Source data
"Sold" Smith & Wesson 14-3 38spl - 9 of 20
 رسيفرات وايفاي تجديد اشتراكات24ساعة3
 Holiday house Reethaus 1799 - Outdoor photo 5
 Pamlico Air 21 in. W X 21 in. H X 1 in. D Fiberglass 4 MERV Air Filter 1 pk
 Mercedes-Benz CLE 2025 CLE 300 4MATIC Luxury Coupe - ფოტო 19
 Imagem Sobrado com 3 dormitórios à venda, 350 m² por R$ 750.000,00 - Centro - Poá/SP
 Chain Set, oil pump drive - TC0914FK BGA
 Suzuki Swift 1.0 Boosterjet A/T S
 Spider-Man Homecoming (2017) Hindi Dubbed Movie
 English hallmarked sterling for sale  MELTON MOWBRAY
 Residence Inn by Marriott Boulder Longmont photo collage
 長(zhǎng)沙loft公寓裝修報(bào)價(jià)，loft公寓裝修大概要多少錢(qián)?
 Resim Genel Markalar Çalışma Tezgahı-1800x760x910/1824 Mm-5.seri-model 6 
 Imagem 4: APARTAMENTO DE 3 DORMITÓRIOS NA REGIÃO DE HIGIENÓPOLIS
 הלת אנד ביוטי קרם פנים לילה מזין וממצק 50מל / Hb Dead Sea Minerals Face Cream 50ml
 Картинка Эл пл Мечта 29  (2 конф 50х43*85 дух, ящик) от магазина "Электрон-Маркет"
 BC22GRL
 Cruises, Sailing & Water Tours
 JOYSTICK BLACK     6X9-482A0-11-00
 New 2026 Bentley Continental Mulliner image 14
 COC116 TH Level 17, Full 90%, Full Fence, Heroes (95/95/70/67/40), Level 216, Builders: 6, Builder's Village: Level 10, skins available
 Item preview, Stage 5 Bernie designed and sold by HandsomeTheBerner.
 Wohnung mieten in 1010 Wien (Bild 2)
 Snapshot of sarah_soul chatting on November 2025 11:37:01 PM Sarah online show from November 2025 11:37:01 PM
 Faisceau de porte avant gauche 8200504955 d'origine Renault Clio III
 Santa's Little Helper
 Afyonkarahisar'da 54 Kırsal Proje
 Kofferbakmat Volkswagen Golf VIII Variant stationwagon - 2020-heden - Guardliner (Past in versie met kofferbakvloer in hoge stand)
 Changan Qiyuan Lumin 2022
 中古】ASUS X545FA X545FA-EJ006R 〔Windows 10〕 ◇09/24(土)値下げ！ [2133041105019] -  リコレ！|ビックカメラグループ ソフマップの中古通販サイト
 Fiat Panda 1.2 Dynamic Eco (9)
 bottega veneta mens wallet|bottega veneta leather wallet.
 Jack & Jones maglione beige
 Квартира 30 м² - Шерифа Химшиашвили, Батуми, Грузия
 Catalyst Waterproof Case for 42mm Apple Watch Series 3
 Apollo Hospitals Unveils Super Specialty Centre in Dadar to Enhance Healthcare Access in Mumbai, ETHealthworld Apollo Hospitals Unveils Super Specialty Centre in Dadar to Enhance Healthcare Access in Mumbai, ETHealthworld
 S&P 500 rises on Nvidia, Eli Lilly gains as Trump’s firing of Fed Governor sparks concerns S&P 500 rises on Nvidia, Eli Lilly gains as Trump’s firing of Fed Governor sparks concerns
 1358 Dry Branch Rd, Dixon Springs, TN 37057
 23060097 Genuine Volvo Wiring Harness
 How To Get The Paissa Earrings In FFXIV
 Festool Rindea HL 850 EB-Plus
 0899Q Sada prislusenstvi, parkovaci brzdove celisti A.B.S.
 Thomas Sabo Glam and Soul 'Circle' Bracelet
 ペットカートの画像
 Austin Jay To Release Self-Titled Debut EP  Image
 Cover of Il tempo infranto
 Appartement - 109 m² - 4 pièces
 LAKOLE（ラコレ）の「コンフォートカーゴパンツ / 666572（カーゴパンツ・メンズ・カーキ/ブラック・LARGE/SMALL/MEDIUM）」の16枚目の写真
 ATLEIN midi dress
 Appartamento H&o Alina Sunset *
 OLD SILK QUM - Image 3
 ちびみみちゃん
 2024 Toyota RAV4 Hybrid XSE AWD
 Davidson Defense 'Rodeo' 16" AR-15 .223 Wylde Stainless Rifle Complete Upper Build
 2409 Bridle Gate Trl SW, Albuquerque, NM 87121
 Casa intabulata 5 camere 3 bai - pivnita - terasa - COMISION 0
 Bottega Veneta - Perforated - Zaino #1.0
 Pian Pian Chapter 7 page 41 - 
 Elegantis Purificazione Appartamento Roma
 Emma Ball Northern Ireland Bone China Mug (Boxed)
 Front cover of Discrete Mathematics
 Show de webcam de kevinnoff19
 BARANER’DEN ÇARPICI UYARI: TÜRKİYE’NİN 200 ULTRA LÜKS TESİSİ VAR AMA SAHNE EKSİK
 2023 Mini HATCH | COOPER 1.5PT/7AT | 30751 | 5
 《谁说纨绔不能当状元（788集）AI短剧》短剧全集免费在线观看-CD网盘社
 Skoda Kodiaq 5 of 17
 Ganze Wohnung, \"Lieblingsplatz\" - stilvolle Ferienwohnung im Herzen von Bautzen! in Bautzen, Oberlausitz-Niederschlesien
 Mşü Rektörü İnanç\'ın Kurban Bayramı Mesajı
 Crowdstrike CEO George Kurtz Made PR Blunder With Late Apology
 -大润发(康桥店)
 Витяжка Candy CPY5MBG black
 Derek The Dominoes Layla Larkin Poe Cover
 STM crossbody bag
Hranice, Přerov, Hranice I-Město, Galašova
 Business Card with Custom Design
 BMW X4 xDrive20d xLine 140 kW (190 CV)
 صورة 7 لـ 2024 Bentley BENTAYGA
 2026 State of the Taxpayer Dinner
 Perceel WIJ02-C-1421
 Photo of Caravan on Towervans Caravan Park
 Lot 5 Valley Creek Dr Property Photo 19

• Problem to solve:
Search the entries above for lines containing the word "Appartamento", and copy each one.

• Response:
 Appartamento H&o Alina Sunset *
 Elegantis Purificazione Appartamento Roma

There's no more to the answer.